Rudy's Blog

Buy Rudy's books! Click covers for info.                 Blog text and images copyright (C) Rudy Rucker 2017.


How to Make an Ebook #4 — Heavy HTML

This is the last of four 2012 blog posts on the topic of how to make your own ebooks, and which I revised somewhat in 2016. In 2012, I combined, expanded and revised these entries to make, fittingly, an ebook called How to Make An Ebook, available from Amazon. Note that this ebook is a 2012 edition, and it does not include any updates of the material that I made to these blog posts in 2016.

My How to Make An Ebook includes quite a bit of additional material, it’s more tightly organized, and it doesn’t include the perhaps too distracting photos that tend to clutter my blog posts! But it do

And now let’s get down to some Heavy Metal…I mean Heavy HTML.
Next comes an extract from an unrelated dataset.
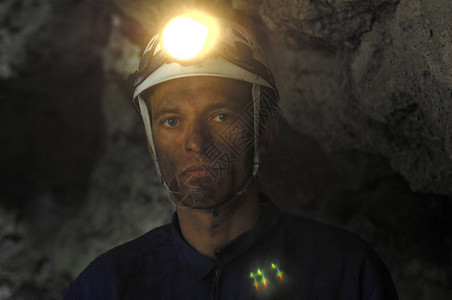 矿井内矿工的画像图片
Advanced Level: Dreamweaver & HTML

For full control, our workflow is to go from DOC or RTF to HTML, and then from HTML to EPUB. We’ll edit the HTML extensively. As I mentioned before, I myself use Dreamweaver, which is a commercial product from Adobe, but it’s possible that you could do a lot of this with some free HTML editor.

In all honesty, I should tell you that the process I’m about to describe is kind of complicated and probably not, in fact, a really good workflow to use.  As I’ll mention at the end of this post, I now use a much simpler pro-level process.  I import my books into InDesign and export my EPUB files from there.  But before I learned how to use InDesign, I found the “Heavy HTML” workflow useful.

Converting DOC to HTML. Preliminary cleanup.

For full control, our workflow is to go from DOC or RTF to HTML, and then from HTML to EPUB.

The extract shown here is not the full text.